The costs associated with employment tribunals and any appeals were previously the responsibility of the taxpayer, this was the position until the 29 July 2013 when the Government introduced fees for such claims made to the employment tribunal.
This fee scheme was recently brought to the High Court in application for judicial review. The trade union, Unison, made a second application, this time challenging the introduction of tribunal fees on the following two grounds: it is unlawful because it infringes the EU principles of effectiveness (i.e. the cost of litigation makes it very difficult to bring a claim) and it is indirectly discriminatory, namely against women.
The evidence upon which Unison brought these proceedings was statistical, this proved fatal for the case, for without any concrete examples of specific individuals who allegedly assert they are unable to bring a claim because of cost, the High Court held that Unison’s arguments could not properly be tested.
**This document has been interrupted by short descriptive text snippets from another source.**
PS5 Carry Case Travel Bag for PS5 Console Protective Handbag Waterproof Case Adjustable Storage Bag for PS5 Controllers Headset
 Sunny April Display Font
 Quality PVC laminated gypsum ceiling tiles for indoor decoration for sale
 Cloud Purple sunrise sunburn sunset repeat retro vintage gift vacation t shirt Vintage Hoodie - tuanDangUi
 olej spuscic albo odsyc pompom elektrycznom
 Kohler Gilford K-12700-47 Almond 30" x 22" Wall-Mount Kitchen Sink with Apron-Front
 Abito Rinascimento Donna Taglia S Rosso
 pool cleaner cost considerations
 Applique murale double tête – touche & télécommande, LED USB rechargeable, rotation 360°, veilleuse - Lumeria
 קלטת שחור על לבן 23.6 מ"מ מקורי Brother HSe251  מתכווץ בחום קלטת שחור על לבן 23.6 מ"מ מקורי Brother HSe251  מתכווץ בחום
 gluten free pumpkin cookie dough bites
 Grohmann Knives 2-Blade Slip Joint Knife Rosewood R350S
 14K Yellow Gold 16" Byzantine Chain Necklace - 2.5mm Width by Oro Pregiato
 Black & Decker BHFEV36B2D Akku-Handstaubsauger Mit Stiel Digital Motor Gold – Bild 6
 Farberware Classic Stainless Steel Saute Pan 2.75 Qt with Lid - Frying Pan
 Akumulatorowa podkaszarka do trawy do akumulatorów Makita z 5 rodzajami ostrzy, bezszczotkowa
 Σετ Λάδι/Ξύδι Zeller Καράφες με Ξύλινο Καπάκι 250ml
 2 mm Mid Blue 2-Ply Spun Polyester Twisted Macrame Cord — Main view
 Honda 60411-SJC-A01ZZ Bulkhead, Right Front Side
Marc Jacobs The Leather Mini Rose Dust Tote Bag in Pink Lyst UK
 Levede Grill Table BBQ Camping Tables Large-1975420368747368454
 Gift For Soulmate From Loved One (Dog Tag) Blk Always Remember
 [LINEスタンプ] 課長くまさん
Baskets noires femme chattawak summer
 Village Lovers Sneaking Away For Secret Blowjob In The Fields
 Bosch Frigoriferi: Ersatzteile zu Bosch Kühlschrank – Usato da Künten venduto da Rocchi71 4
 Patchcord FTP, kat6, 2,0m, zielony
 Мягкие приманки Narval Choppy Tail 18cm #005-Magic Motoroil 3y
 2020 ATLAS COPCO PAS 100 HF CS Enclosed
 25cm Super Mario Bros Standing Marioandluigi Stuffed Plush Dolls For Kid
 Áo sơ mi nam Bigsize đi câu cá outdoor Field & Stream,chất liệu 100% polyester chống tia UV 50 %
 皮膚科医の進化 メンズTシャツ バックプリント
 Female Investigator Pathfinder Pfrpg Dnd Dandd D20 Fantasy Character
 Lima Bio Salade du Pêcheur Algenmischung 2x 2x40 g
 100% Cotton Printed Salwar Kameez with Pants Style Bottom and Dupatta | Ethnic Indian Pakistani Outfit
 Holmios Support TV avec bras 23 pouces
Their application for judicial review as a result was dismissed, but the High Court has given them permission to appeal to the Supreme Court.
There will certainly be more challenges to come, as the judgment indicates that the courts will have to assess this fee scheme again, when there are actual disadvantaged people who have legitimate claims.
The justification for the introduction of tribunal fees was to transfer a proportion of the annual running costs of tribunals to those that benefit from them, to encourage dispute resolution, so that litigation is not the first resort and thirdly, to make the system more efficient and remove unmeritorious claims. On the home front, the Association of Recruitment Consultancies (ARC) campaigned on this last objective and many of the suggestions they put forward were adopted in one form or another, which they felt, was a resounding success.